A new year dawned on the corporate legal department. Returning to work after the holiday, the legal group was surprised to find a penguin sitting in the middle of their offices. No one knew where it came from—it was just there.

Soon thereafter, a partner from the company's outside law firm arrived. After a cursory look at the penguin, he pulled the general counsel into a room and advised him that the company needed to conduct a thorough review of the implications of having a penguin on the premises. Fortunately, his firm (with offices around the world) had deep expertise in many areas, and he was fairly certain this included penguins. He would task two first-year associates from St. Louis with researching the “penguin issue,” and get back to him sometime next week.

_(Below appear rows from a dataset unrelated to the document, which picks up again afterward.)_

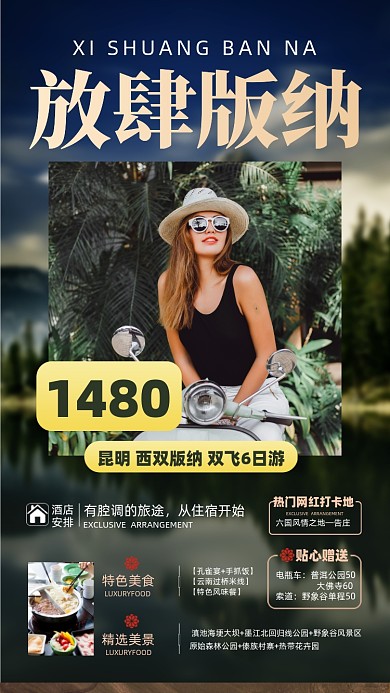 双西版纳旅游优惠摄影图海报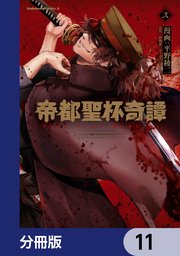 帝都聖杯奇譚 Fate／type Redline【分冊版】 11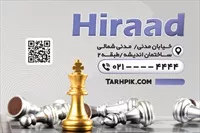 تصویر 2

The CIO stopped by and was alarmed. Penguins were not consistent with the corporate technology infrastructure strategy, and he made it clear that the IT group had no resources to support this penguin. The legal group was on its own as far as IT was concerned. Anything requiring IT support would need to be compliant with the company's cloud-based, thin-client, smart-grid strategy employing on-demand resource allocation. The CIO's comments had little impact, for few had deciphered what he said.

Next, a business development representative from a big consulting firm stopped by. She was quick to point out that her firm has firsthand experience addressing the challenges corporate legal departments face. She believed that the penguin actually represented an opportunity to establish strategic management and leadership processes, and implement business efficiencies. The legal department should engage her big consulting firm right away to maximize the resources in today's competitive legal and business environment.

After lunch, the CFO dropped in, and seeing the penguin his fears were confirmed. Total legal spend in the legal department as a percentage of company revenues compared against industry peers was too high, he explained. None of their peer legal departments had penguins, and this was evidence that the department needed to cut costs.

Later in the afternoon, the sales representative from a legal hold software company made his way in. He explained that Judge Schiendlin had made it clear that written legal holds were required, and arrival of the penguin constituted reasonable anticipation; therefore, the company should quickly consider deploying an automated legal management system. He was followed by an e-discovery vendor, who pointed out that any new event including the arrival of a penguin could trigger preservation obligations. It was very clear that the company needed to outsource its entire e-discovery process to his company. The risks were just too great.

At the end of the day the penguin disappeared as suddenly as it had appeared. Some believed its sudden arrival and departure heralded a new and different year for the legal department. Wiser minds knew this was going to be just another year.